Looking forward to the big event @TheWistar ! https://t.co/Nt3uzQV9jB
— Carolyn Bertozzi (@CarolynBertozzi) October 10, 2022
È molto riservata e tiene alla sua privata, ma ha reso pubblico che vive con la moglie, con cui è sposata ufficialmente da diversi anni, ufficiosamente da molti di più. Le due hanno tre figli, il primo nato poco prima che gli elettori della California approvassero la Proposition 8, che vietava il matrimonio tra persone dello stesso sesso nello stato, nel 2008. Nel suo profilo su Stanford Magazine, ricorda quando il figlio aveva due mesi e alla tv passano pubblicità contro il matrimonio gay. La preoccupazione era quella che i suoi diritti di genitore non sopravvivessero alle elezioni.
«Non voglio mai essere tipo: “Beh, tutto questo è dietro di me; ora sono proprio legale come tutti gli altri”. No, non credo che questo faccia un servizio a nessuno»
Il suo obiettivo, oltre alla ricerca scientifica, è quello di essere un modello come scienziata lesbica per tutte quelle donne queer che hanno paura ad affrontare il mondo delle STEM, le discipline scientifico-tecnologiche come vengono chiamate negli Stati Uniti. E ce n’è sicuramente bisogno. Basti pensare che nel 1999, quando ha vinto il premio MacArthur insieme al suo gruppo di lavoro, un giornale incaricato di intervistare i vincitori ha fatto delle domande anche alle loro consorti. Le mogli dei colleghi sono comparse nell’articolo, la sua no perché all’epoca era considerato ancora troppo audace.
Il suo percorso di donna lesbica in un mondo accademico estremamente dominato dagli uomini come quello delle scienze non è sicuramente stato facile. Negli anni, episodi di discriminazione ci sono stati e ricorda anche come ogni volta che a un convegno le veniva posta la domanda sulla sua esperienza come scienziata lesbica, l’atmosfera si faceva più tesa: «Non sono mai stata invitata in ambienti omofobi, però».
Anche se negli anni le cose sono migliorate, Carol non dimentica come tanti non abbiano avuto la sua stessa fortuna. In una recente intervista con c&en, ha affermato: «L’omofobia esiste ancora. Sono stata relativamente privilegiata e protetta, ma se esci dagli Stati Uniti o dal Canada, ci sono posti in cui sei ancora punito per essere gay, anche con la morte. Non dovremmo mai perdere di vista il fatto che la scienza è internazionale»
Carol ha capito di essere lesbica a 18 anni, quando gli Stati Uniti si trovavano nel pieno della crisi causata dall’AIDS ed essere queer non era certamente visto di buon occhio. Era però pronta a trasferirsi nella Bay Area per studiare nell’Universitò di Berkeley, un ambiente che solitamente è molto inclusivo. Per questo, con un po’ di ironia, racconta che «sorprendentemente, però, essere una donna era ed è tuttora peggio che essere una lesbica».

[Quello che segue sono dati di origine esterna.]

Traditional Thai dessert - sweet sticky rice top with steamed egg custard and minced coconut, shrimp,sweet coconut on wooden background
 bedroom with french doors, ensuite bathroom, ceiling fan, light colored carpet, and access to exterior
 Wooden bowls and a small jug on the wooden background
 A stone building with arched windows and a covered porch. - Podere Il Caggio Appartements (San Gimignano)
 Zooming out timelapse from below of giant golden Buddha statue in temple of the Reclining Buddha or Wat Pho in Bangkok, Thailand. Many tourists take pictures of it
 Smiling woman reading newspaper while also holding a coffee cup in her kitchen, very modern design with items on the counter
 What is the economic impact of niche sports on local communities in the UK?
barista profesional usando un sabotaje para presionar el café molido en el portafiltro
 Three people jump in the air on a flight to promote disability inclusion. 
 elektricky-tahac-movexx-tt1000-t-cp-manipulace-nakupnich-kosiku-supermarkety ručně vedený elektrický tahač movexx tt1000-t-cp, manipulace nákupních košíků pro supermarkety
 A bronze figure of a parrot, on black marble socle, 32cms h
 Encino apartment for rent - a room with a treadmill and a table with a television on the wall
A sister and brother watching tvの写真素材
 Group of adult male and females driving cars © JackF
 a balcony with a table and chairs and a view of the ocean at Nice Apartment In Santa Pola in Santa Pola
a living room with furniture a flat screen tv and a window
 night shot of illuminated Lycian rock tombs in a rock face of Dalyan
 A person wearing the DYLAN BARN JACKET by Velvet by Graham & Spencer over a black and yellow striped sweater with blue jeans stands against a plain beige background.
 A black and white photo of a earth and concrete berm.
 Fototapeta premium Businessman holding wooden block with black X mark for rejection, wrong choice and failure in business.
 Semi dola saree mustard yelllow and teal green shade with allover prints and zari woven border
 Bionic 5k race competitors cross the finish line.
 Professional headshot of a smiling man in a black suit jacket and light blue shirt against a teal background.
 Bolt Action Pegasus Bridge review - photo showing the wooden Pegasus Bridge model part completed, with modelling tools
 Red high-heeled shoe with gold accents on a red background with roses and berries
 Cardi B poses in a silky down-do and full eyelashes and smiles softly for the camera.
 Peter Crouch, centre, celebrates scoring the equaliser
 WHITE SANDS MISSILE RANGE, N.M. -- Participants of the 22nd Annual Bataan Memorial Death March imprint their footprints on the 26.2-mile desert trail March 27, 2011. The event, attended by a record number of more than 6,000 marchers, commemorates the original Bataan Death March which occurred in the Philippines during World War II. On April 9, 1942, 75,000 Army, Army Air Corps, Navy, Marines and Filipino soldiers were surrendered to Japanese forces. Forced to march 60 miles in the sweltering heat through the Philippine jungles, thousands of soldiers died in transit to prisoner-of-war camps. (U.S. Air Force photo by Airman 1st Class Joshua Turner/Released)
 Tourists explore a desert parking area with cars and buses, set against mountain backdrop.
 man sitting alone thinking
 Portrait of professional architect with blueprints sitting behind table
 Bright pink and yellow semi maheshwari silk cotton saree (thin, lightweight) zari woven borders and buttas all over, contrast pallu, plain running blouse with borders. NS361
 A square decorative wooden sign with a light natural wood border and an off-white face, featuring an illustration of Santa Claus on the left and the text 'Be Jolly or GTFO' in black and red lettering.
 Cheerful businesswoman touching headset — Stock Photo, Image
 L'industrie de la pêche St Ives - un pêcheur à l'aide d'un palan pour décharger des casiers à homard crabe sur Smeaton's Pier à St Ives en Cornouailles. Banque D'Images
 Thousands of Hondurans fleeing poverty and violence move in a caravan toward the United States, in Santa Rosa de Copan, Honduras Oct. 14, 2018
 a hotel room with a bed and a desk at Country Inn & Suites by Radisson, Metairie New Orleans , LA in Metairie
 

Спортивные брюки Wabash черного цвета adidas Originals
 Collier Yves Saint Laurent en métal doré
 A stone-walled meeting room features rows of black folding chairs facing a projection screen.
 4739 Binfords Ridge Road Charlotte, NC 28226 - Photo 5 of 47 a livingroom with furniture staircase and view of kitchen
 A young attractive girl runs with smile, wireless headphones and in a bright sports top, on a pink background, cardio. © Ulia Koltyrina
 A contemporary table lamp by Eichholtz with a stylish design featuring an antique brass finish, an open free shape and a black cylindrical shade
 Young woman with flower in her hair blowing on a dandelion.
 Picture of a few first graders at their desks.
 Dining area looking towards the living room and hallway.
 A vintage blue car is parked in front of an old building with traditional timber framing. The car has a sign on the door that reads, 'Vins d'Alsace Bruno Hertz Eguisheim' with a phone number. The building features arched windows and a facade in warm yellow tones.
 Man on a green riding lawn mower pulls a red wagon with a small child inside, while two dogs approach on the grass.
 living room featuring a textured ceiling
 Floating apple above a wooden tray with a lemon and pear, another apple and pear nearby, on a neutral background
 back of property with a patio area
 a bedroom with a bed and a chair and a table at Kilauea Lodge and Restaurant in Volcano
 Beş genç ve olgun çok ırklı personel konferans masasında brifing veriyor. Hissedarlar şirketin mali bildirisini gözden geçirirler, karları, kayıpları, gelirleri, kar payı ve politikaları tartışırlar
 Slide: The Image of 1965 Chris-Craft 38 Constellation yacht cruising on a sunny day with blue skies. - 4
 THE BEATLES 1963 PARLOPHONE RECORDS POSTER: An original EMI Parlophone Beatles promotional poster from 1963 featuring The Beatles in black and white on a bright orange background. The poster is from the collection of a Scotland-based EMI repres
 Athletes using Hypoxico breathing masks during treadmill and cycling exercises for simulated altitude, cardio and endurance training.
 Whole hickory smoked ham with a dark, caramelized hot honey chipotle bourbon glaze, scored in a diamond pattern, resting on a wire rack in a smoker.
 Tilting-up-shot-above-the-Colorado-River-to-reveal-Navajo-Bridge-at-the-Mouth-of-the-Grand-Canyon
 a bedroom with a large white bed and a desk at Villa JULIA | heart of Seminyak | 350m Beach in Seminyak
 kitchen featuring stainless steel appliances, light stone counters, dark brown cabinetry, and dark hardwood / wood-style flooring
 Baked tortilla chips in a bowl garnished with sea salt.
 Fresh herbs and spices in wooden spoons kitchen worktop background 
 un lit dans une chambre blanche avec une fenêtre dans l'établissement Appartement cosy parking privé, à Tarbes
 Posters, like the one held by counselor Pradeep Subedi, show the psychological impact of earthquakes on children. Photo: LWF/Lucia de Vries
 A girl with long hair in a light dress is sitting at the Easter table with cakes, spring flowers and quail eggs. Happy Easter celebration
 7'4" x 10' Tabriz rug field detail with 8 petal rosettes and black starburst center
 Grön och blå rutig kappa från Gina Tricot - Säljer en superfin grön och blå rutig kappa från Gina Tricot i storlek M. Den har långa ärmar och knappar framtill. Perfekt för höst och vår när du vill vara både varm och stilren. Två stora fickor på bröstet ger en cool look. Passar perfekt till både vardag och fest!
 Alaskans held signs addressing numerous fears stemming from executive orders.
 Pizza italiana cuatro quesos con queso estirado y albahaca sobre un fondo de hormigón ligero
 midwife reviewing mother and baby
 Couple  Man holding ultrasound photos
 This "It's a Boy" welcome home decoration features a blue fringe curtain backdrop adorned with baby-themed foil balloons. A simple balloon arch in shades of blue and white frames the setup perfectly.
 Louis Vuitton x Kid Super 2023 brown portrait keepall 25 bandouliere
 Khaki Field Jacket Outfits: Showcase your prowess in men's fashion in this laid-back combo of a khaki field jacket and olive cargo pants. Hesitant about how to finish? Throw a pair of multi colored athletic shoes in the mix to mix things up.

Sembra strano a sentirlo dire, ma la spiegazione è molto semplice. Nella sua esperienza, Carol ha vissuto prima di tutto il fatto di essere una minoranza come donna, l’essere lesbica veniva dopo. Ricorda come alla fine degli anni Ottanta, quando aveva iniziato a lavorare in un laboratorio di chimica dell’università, c’erano solo altre due donne. In generale, a quei tempi, solo il 10% degli studenti erano donne.
«Eravamo una tale minoranza, quindi abbiamo cercato di sostenerci a vicenda avviando un incontro mensile per tutte le studentesse del dipartimento. Per pubblicizzarlo, abbiamo affisso poster, poiché Internet non esisteva all’epoca. Nel giro di poche ore sono stati vandalizzati con insulti sessisti. Era così ostile. Oggi abbiamo a che fare con i troll di Twitter»
Come dice Carolyn, i tempi sono cambiati ma c’è ancora molto lavoro da fare. Il suo esempio, però, è uno di quelli che spinge a voler continuare senza fermarsi. Ed è anche l’ennesima vittoria per la comunità.